After recently listening to a 2008 story written by Paul Tough and produced by THIS AMERICAN LIFE entitled GOING BIG: Act 1, Harlem Renaissance, I'm amazed about the possibility that the educational achievement gap comes down 20 million words. According to writer Paul Tough, researchers discovered that kids raised in poverty-stricken homes compared to kids raised in homes by accomplished adults with successful professions, hear about 20 million less words between the ages of 0-3, and that concurrently, cognitive capacity is mostly impacted in a child during this same time.
It sounds a bit ambiguous, but the gist is that kids who are simply exposed to a higher quantity and quality of verbal modeling by parents are smarter, better-adjusted, and better-poised to succeed in society. These kids do this first by being successful in the traditional school system, then follow it up in their post-secondary pursuits of college and career.
Delving deeper, the quality of these 20 million words is vastly different as well. Researchers discovered that well-off kids hear about 500,000 encouraging remarks and 80,000 discouraging remarks from parents. Poor kids hear 80,000 encouraging remarks and 200,000 discouraging remarks, comparatively. Not only are these kids suffering verbal abuse that has an emotional impact, studies show that it has a directly-proportional cognitive impact as well.
The implications are that students who are "set" by age 3 will never be able to accomplish the task of achieving verbal and literacy proficiency relative to their peers that are raised in a more nurturing environment. The poor students are set back immediately and indefinitely. Changing their cognitive trajectory is being proved by social behavior researchers to be a difficult if not impossible task.
This single supporting point of Tough's story is one that stops me in my tracks as an educator.
I am an English teacher in an urban charter school with nearly 80% of my student body on free or reduced lunch plans. 80% of my roster fits the profile described by Tough in this story.
And it raises certain questions for me:
1. If this research is true, then what's the point of me even trying to boost literacy among my 17-19 year olds?

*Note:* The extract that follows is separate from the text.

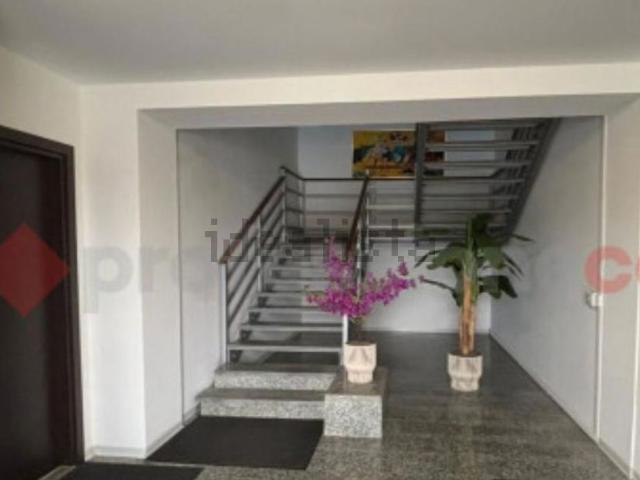 Capannone in affitto di 400 m² in Via Selciatella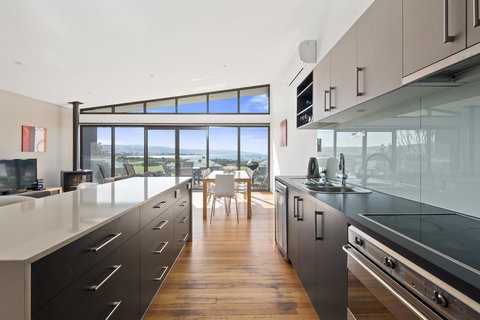 Apollo Bay Cottages - Events Australia 10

2. Are there methods for rapid-remediation of literacy skills for students who've come out of such backgrounds?
3. Is there a way as an educator, for me to determine what's realistic in terms of my ability to recognize which students are most likely to be remediated and focus my efforts upon them?
In order to get to the bottom of this, I'd want to research the growing edges of the things I'm already exposed to, such as Lexile Score testing through the Scholastic Reading Inventory, and examine what best practices are advocated for improving student scores through sequential testing over the course of a semester, and even beyond. I would then want to successfully implement those strategies, and engage my students in taking ownership of their own progress to raise their baseline faster than the recommended 100 points per school year.
Since "giving up" on trying to help 80% of my students change their fortunes isn't an option for me, I have to find some tried and tested method to push back against these statistics. It may be too late to squeeze in an addtional 20 million words for my teenagers, but I can certainly come close.